As I approached the house I noticed all of my guitars, basses, banjos, violins, and mandolins were set up on stands in the yard. I grabbed my favorite florentine and started pickin’ as I walked up the steps to the porch. For some reason the pick I had to hand was a flexi old-style Fender resin tortie and it immediately overheated and raised a burr which kept catching and fucking up my sustains. I was sufficiently distracted by this that I walked into the house without looking around to see who was there.
John Terrill greeted me effusively, guiding me through a packed session including maybe fifteen players, basically none from a folk tradition but including Mark McWhirter, who was very happy to see me, and I think Jim Manion and other people I know or have known.

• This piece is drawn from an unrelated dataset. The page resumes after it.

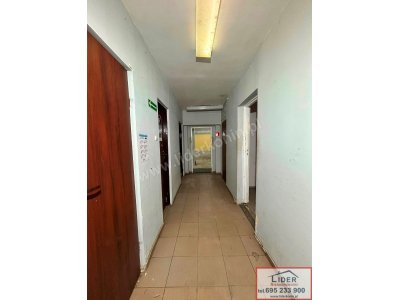 Lokal użytkowy 275 m² | Podziemie / Piwnica | Konin, ul. Wyzwolenia (V Osiedle)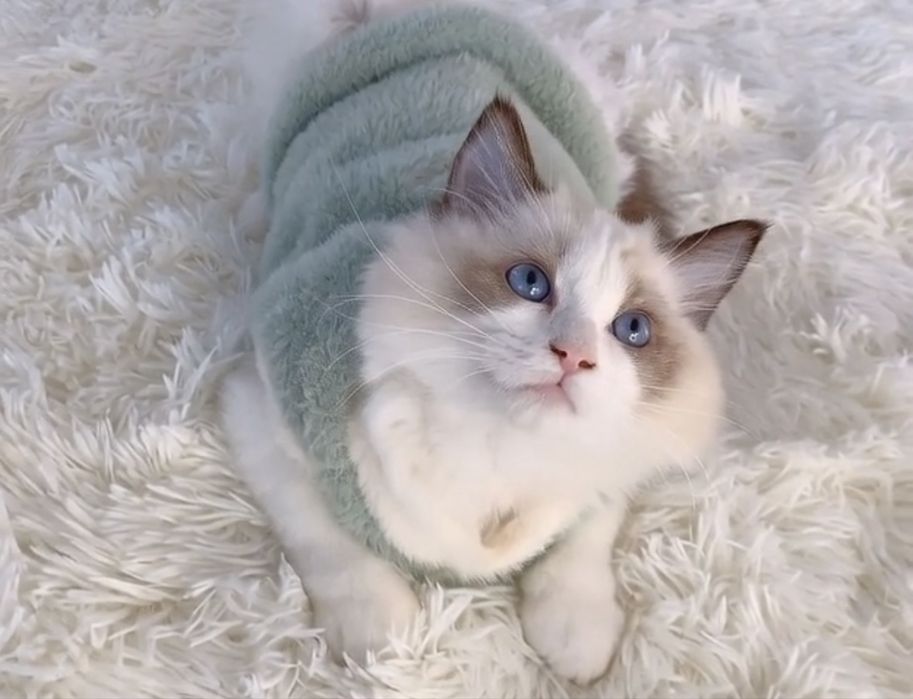 Мысыктын заттары сатылады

John told me he wanted me to play the saudade, which in this dream was a thumb piano, not a style of Portuguese song and poetry, and handed me a gourd with a rack of two ranks of three metal vibrating tone producers, plugged it into a damaged Silvertone amp, and told me I had to hit it just right, man, just right.
So I did, and it was great, and I woke up experiencing seizure-like spasms in my arms and legs and was extremely dizzy.
I got some water and went back to bed, amused. I nearly immediately fell asleep again, and was in the back of a large van jouncing over crappy roads as I at first repeatedly attempted to organize a stack of vintage flyers in chronological order and then to perform something similar with a stack of mixed-source trading cards, becoming grouchier and grouchier as the vehicle’s juddering repeatedly made my task impossible. I exited the van for lunch or something and ran into an old coworker whom I was happy to see but less happy to spend time with, said coworker having a difficult personality. I hugged him, said good bye, and awakened again to flailing limbs and dizziness.